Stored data
------------------------

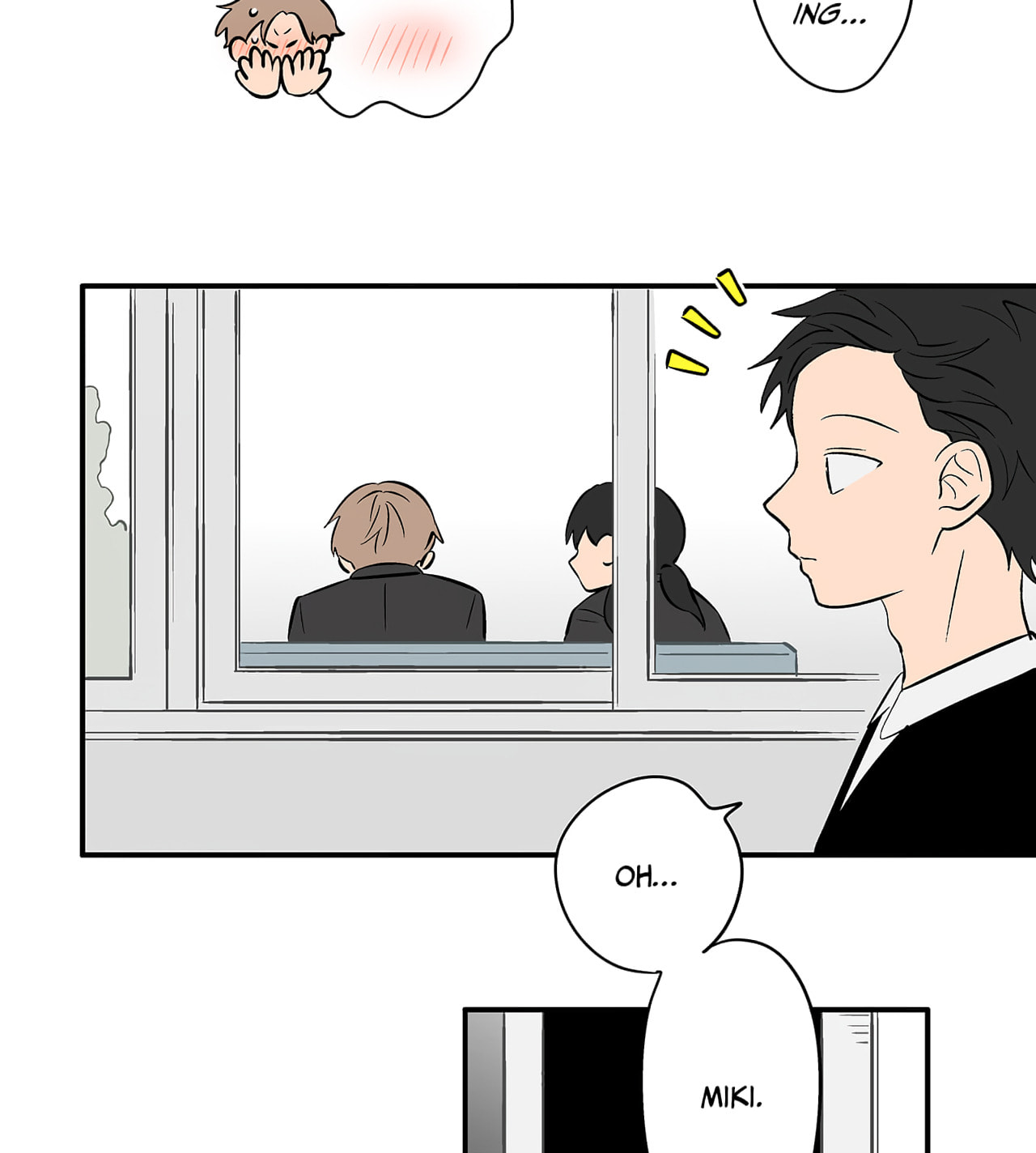 Koori no Jouheki Chapter 107 page 12 - 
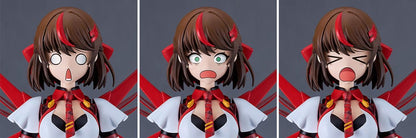 Valkyrie Tune Plamatea Plastic Modelbouwpakket Lisa = Caster 16 cm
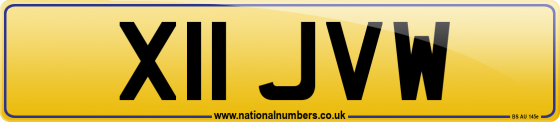 X11 JVW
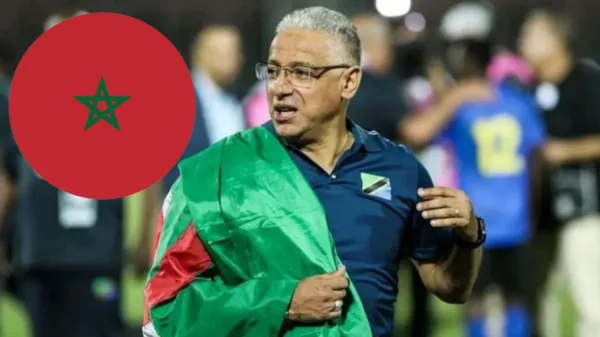 adel amrouche maroc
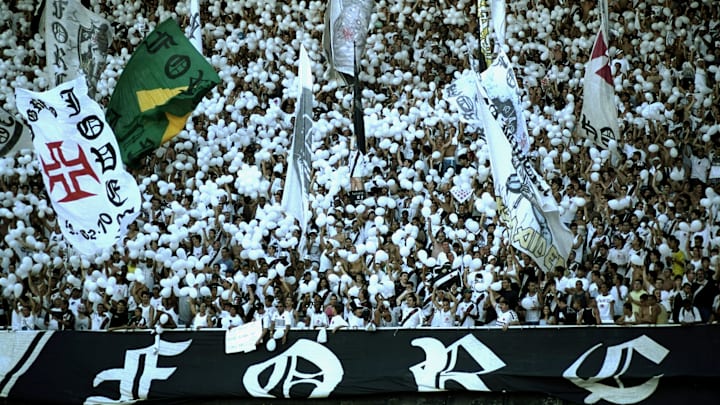 Vasco queria que partida contra o Sport fosse no Maracanã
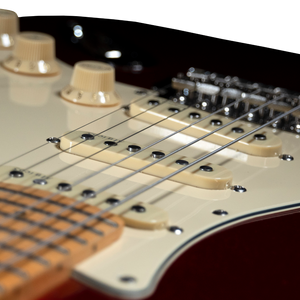 Prodipe Guitars ST80MA CAR - electric guitar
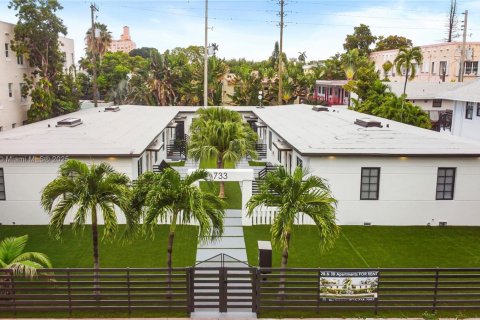 Appartement à louer à Miami Beach, Floride: 2 chambres, 65.03 m2 № 1929067 - photo 15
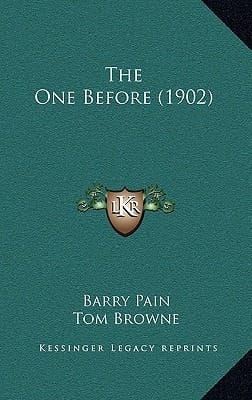 The One Before (1902)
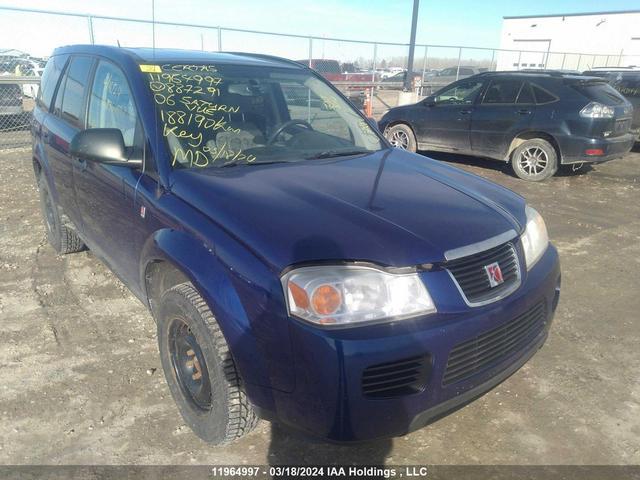 SATURN VUE 2006 5gzcz33d06s887291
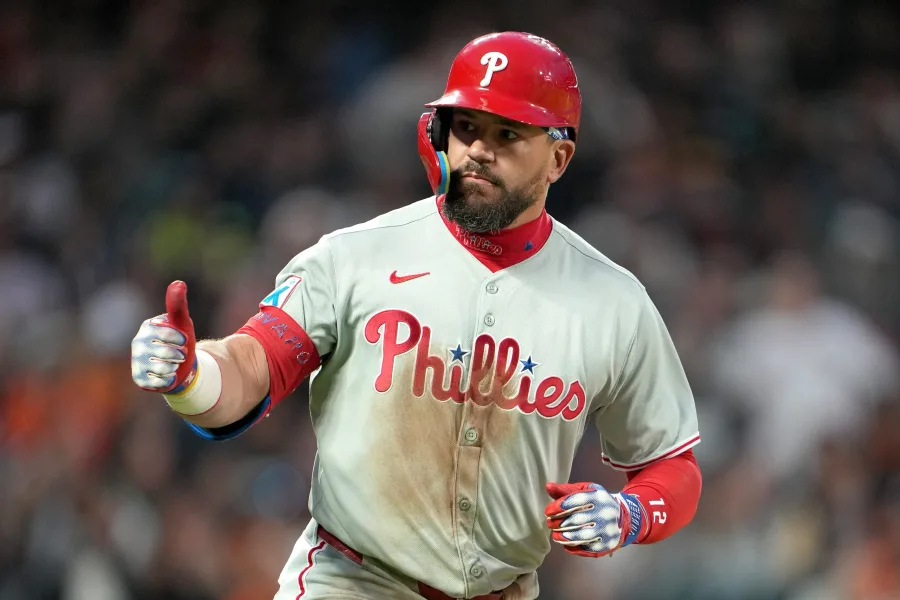 2026 MLB All-Star Game Starting Lineups: Trout, Schwarber, Soto Set To Start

------------------------

Problem:
Retype each entry precisely. Skip images entirely.

Result:
 Koori no Jouheki Chapter 107 page 12 - 
 Valkyrie Tune Plamatea Plastic Modelbouwpakket Lisa = Caster 16 cm
 X11 JVW
 adel amrouche maroc
 Vasco queria que partida contra o Sport fosse no Maracanã
 Prodipe Guitars ST80MA CAR - electric guitar
 Appartement à louer à Miami Beach, Floride: 2 chambres, 65.03 m2 № 1929067 - photo 15
 The One Before (1902)
 SATURN VUE 2006 5gzcz33d06s887291
 2026 MLB All-Star Game Starting Lineups: Trout, Schwarber, Soto Set To Start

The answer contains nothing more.